Was the canonical PCE observed?

The PCE is typically observed as an increase in the magnitude of the flanker effect in conditions with more compatible trials (or likewise, a decrease in flanker effect in conditions with more incompatible trials). We first tested for this pattern across all data to provide estimates averaging over proportions compatible and block number. We fit a linear mixed-effects model predicting RT with main effects and the interaction of trial incompatibility and proportion compatible in a block, using 20% compatible as a reference, while controlling for the random effect of participant-level mean RT (see Table 1).

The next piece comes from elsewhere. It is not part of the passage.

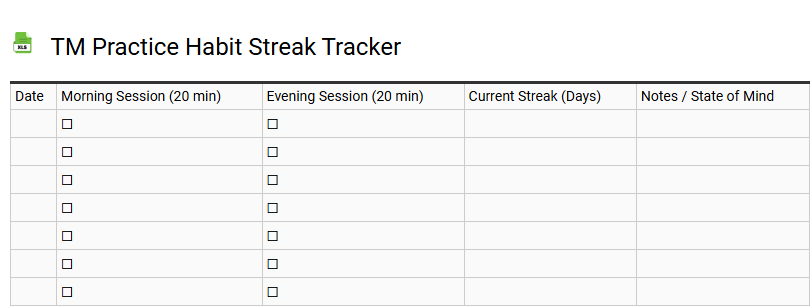 TM Practice Habit Streak Tracker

The predicted PCE would manifest as positive coefficients for the interaction between trial type and higher proportions compatible (i.e., larger incompatibility effects), with possible faster RT on compatible trials taking the form of negative main effect coefficients for higher proportions compatible.

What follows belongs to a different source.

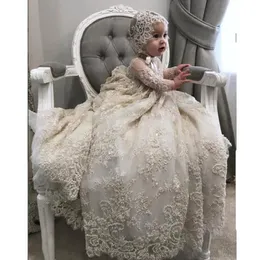 White Ivory Christening Gown for Little Kids O Neck Long Sleeve Lace Pearls First Communion Dress Toddler Infant Baptism Gowns 191O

Table 1 Entire-block proportion flanker effect on compatible and incompatible trials

Consistent with the PCE, on average, relative to a block with 20%-compatible trials, blocks with more compatible trials had reliably lower compatible-trial RTs, by around .012 s, and similar incompatible-trial RTs, (and thus a larger flanker effect in the form of reliable interactions; see Fig. 1). In examining the fit model coefficients, the effect on compatible trials appeared to have saturated by 50% compatible, while the effect on incompatible trials continued to increase through 80% compatible.

Fig. 1
figure 1

Block 1 RT in the absence of feedback, separated by the first 50 and last 50 trials. Column headers indicate current block’s proportion compatible. Several outcomes are evident in this plot. First, the expected PCE is seen (i.e., the difference between RTs for compatible and incompatible trials is smaller in the 20%-compatible condition as compared with the 80%-compatible condition). Second, RTs through time generally increase (i.e., the difference between RTs during the first 50 trials and the last 50 trials). Between-subjects means and 95% CI are indicated. See Fig. S2 in the Supplementary Information for full pattern of results across both blocks and experiments

Does the flanker effect reliably change over the course of participants’ first 400 trials?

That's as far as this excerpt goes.